# Looking for a "tachometer" for 2 strokes. Saw and wackers mainly.



## Joseph Acquisto (Sep 28, 2019)

Been searching for a tachometer, to help me "tune" saws and weed wackers.

Amazon and Ebay are full of them, all of which seem a bit dicey. Craigslist shows nothing at all. 

Not looking to spend a fortune.


----------



## Matt93eg (Oct 4, 2019)

I don’t have experience with the cheaper ones. I have a DTI tech tach. Love it. You can use it wireless or with wire. Very fast refresh rate which is what you need. It will set you back $100 though. 

https://www.amickssuperstore.com/DT...ld_Tachometer_p/dti tech-tach tt-20k tach.htm


----------



## Joseph Acquisto (Oct 4, 2019)

Yep That's a bit pricey for me. But, maybe.


----------



## alderman (Oct 8, 2019)

The DTI is the one I’ve got. It is pricey, but works well. 


Sent from my iPhone using Tapatalk


----------



## Matt93eg (Oct 8, 2019)

alderman said:


> The DTI is the one I’ve got. It is pricey, but works well.
> 
> 
> Sent from my iPhone using Tapatalk



I totally agree.


----------



## full chizel (Oct 8, 2019)

I have a Fast Tach and its a little cheaper in price 

https://www.tinytach.com/handheld-tachometers


----------



## chipper1 (Oct 8, 2019)

full chizel said:


> I have a Fast Tach and its a little cheaper in price
> 
> https://www.tinytach.com/handheld-tachometers


There is also a nice holder available for these(it clips to the handlebar), although I'm not sure where the guys get them.


----------



## buzz sawyer (Oct 8, 2019)

Here are some from a site sponsor. https://www.baileysonline.com/catalogsearch/result/?q=+Tachometer


----------



## chipper1 (Oct 8, 2019)

buzz sawyer said:


> Here are some from a site sponsor. https://www.baileysonline.com/catalogsearch/result/?q=+Tachometer


That link doesn't work 100% for me. When I click on it it looks like it loads, but nothing happens. Then if I click on the url it shows up just as you have it, if I now hit enter it works . I'm on a MacBook running safari.


----------



## buzz sawyer (Oct 9, 2019)

chipper1 said:


> That link doesn't work 100% for me. When I click on it it looks like it loads, but nothing happens. Then if I click on the url it shows up just as you have it, if I now hit enter it works . I'm on a MacBook running safari.
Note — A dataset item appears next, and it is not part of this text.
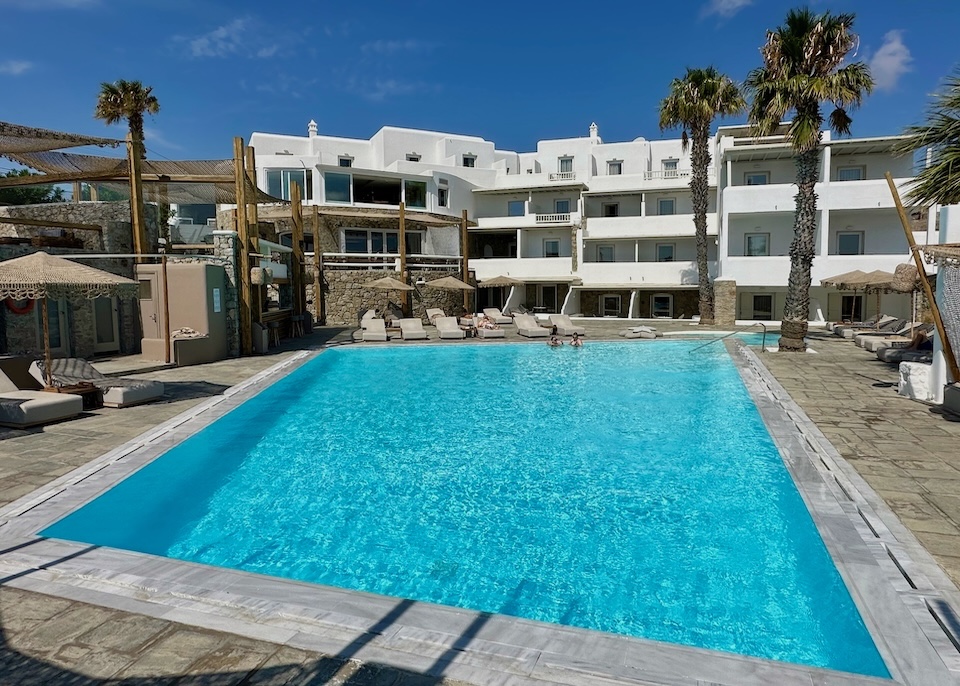 An angular infinity pool in front of a whitewashed, four-story hotel and palm trees at Palladium Boutique Hotel in Platis Gialos, Mykonos.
Just go to the "sponsor" section at top of the page and select the Bailey's link. I copied the link and open in a new page and it worked.


----------



## lostone (Oct 9, 2019)

I have the DTI, just keep your eyes open if you are in no rush. I finally found one like new on ebay for $25 plus $5 shipping.


----------



## Woodsmith1 (Oct 26, 2019)

Try THIS one for size. Bought it earlier in the year and works great. Had it on yard tools and an outboard. Works great, refreshes RPM every half second, goes up to 12k. Has a built in hour meter too, and can be adjusted for use on not only 2 stroke 1 cylinder engines but also 4 strokes and wasted spark systems. Really great tool for 10$ and certainly no need for anything more expensive. Nice compact too and battery lasts forever, I just keep it in my tool box. My original one took a dive in sea water after a storm though and electrolysis ate through the power pin to the chip, tried microsoldering but no luck so on to no 2 now and going strong. Good luck


----------